Detto questo è mia opinione che questo problema della difesa dei confini europei dall’ingresso dei terroristi sia solo una delle cose di cui dobbiamo preoccuparci e certo non la più grave. Perché dico questo? Perché molti terroristi o soggetti pericolosi rimasti affascinati dalle sirene della guerra santa sono cittadini europei, con passaporto e residenza e che, spesso, non parlano neanche bene l’arabo. Si, il problema che si sta manifestando è immenso e ci fa capire che certe cose sono nate tantissimi anni fa e soltanto ora, dopo gestazioni di anni, stanno mostrando i frutti. Sono persone di seconda o terza generazione, figli di immigrati di vecchia data, ragazzi che hanno studiato nelle nostre scuole e che hanno ricevuto da “mamma Europa” casa e diritti. Ciò sconvolge non poco perché davanti a questa dura verità siamo disarmati e impotenti. Un esercito è visibile, posizionato e puoi organizzarti per combatterlo. Lo studente, il collega o l’idraulico della porta accanto che hanno deciso di dare man forte al terrore, sono invece qui a dirci che davanti a noi abbiamo dei fantasmi imprevedibili o quasi che possono colpire senza nessun preavviso. E le inutili e ripetitive frasi sul fatto che la maggioranza degli islamici sono pacifici rappresentano una verità che non porta nessun aiuto. Certo, tracciando le frequentazioni e i contatti dei malintenzionati, i servizi segreti possono monitorarli, come ci ha comunicato Alfano durante la sua esposizione in parlamento. Cinquantatrè sarebbero i possibili “soldati islamici” in Italia; ma quanti altri ce ne sono che non è stato possibile mettere sotto controllo? Non possiamo saperlo.

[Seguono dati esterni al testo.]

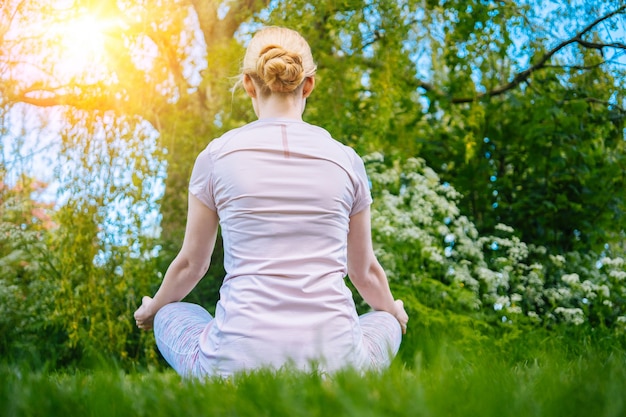 Giovane donna che fa yoga asana nel parco ragazza che allunga esercizio in posizione yoga felice donna in buona salute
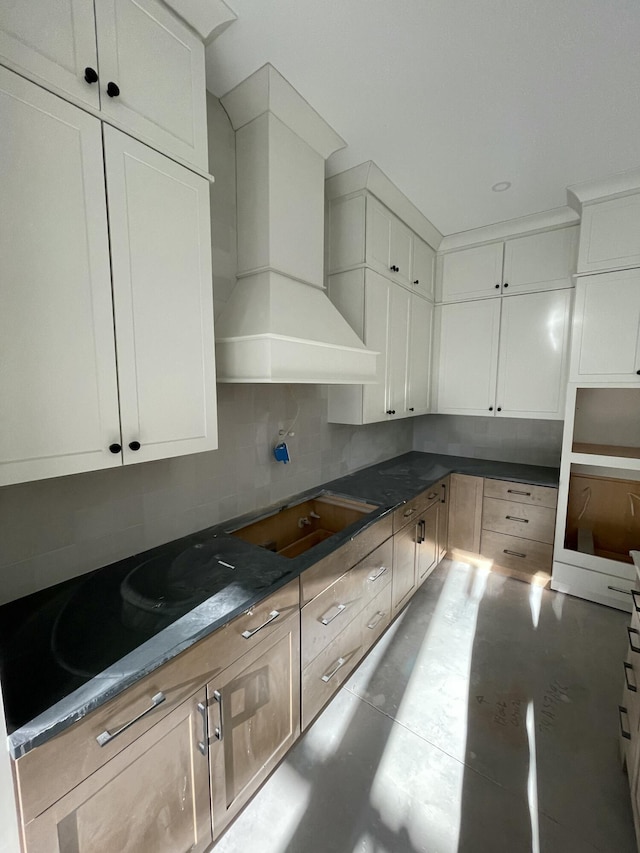 kitchen with decorative backsplash, custom range hood, and white cabinets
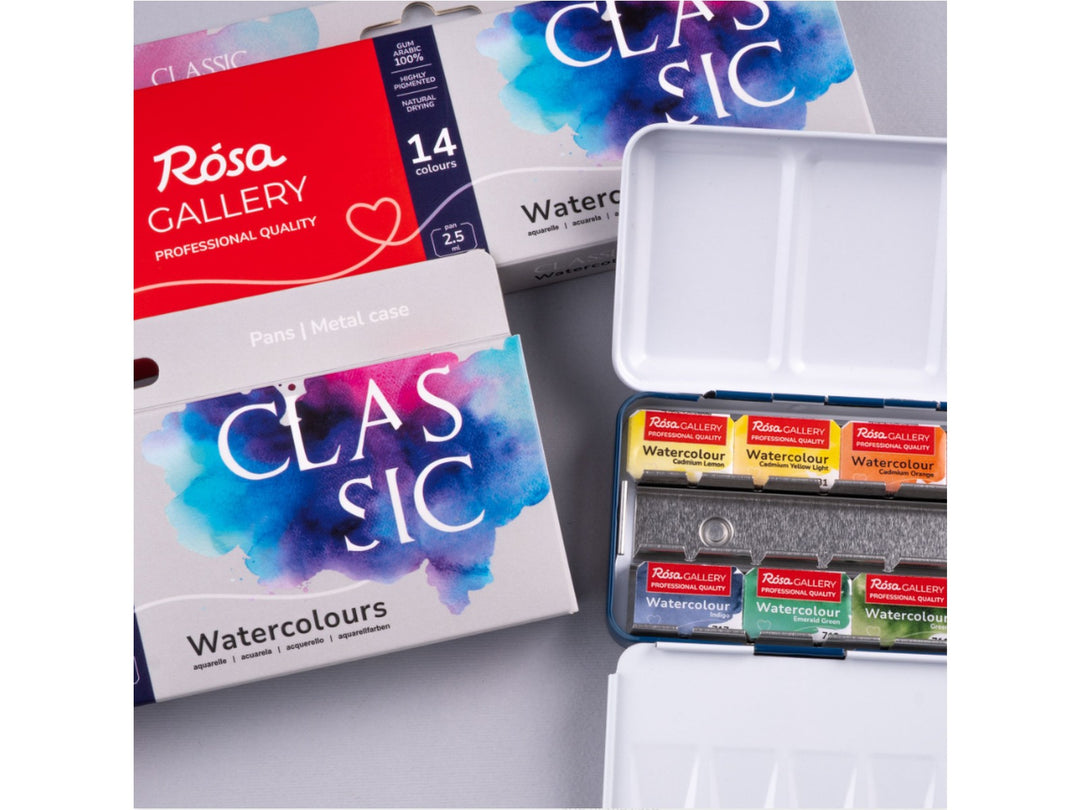 Lifestyle image of the ROSA Gallery Classic Watercolour Set featuring updated Classic Collection packaging, a metal watercolour case with professional watercolour pans, integrated mixing palette and curated artist colours for painting, sketching and illustration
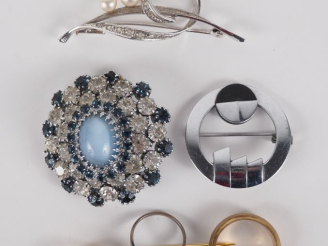 Vente aux enchères Ensemble comprenant :  - Une broche ronde en métal sertie de pierres f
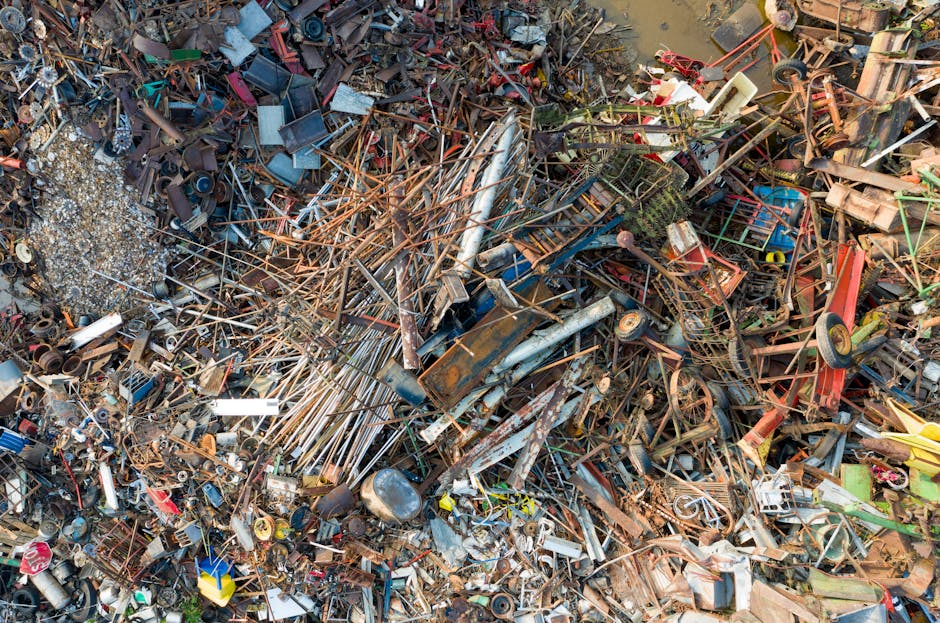 A large, chaotic pile of assorted scrap metal and discarded objects fills the scene, consisting of rusted steel pipes, twisted metal rods, broken bicycle frames, and various damaged appliances. The metal items vary in color from reddish-brown rust and dull silver to faded blue and green paint, with some parts showing corrosion and weathering. The objects are piled on top of each other haphazardly, creating an uneven surface with sharp edges, bent pieces, and tangled wires. In the background, there is a muddy ground with a small amount of standing water, reflecting parts of the debris. Some smaller items, such as plastic containers, bits of wire, and miscellaneous trash, are scattered throughout the heap, adding to the cluttered appearance. This scene likely represents accumulated industrial or household waste awaiting collection or disposal, which could be handled by an independent rubbish removal service like Rubbish Clearance Paddington, highlighting the need for proper waste management solutions.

Le ultime righe mi portano a dover fare una seria riflessione su un tema che nei mesi passati è stato caratterizzato da scontri di non poca enfasi. Quello sullo “ius soli”. Ricorderete il tema: si tratterebbe di concedere la cittadinanza Italiana a tutti i nati sul nostro territorio. Ricordo che avere la cittadinanza Italiana significa, di conseguenza, avere libera circolazione in tutti gli Stati d’Europa. Ebbene la cosa, per me gravissima già prima dei fatti di Parigi, diviene smisuratamente allarmante oggi. Abbiamo infatti davanti ai nostri occhi una realtà che nessuno può più negare e cioè che famiglie islamiche che vivono da decenni nel nostro paese, hanno visto figli e nipoti, nostri concittadini, non integrarsi a tal punto da diventare parte di organizzazioni terroristiche. La domanda sorge spontanea: se questo si è verificato in contesti dove la cittadinanza la si è ricevuta dopo tantissimi anni, quanto e in che misura potrebbe avvenire concedendo la cittadinanza solo per nascita? C’è il rischio concreto che, così facendo, in venti anni di nascite la situazione possa sfuggire di mano. Ho sempre sposato la causa, e oggi ancora di più, dello “ius culturae”; e cioè un concedere cittadinanza attraverso un percorso dove sia provata l’integrazione culturale del soggetto. Queste parole fino a qualche mese fa, da molti, erano tacciate di razzismo ed eccessiva chiusura. E’ possibile affermare, oggi come allora, che si tratta solo di posizioni di buon senso.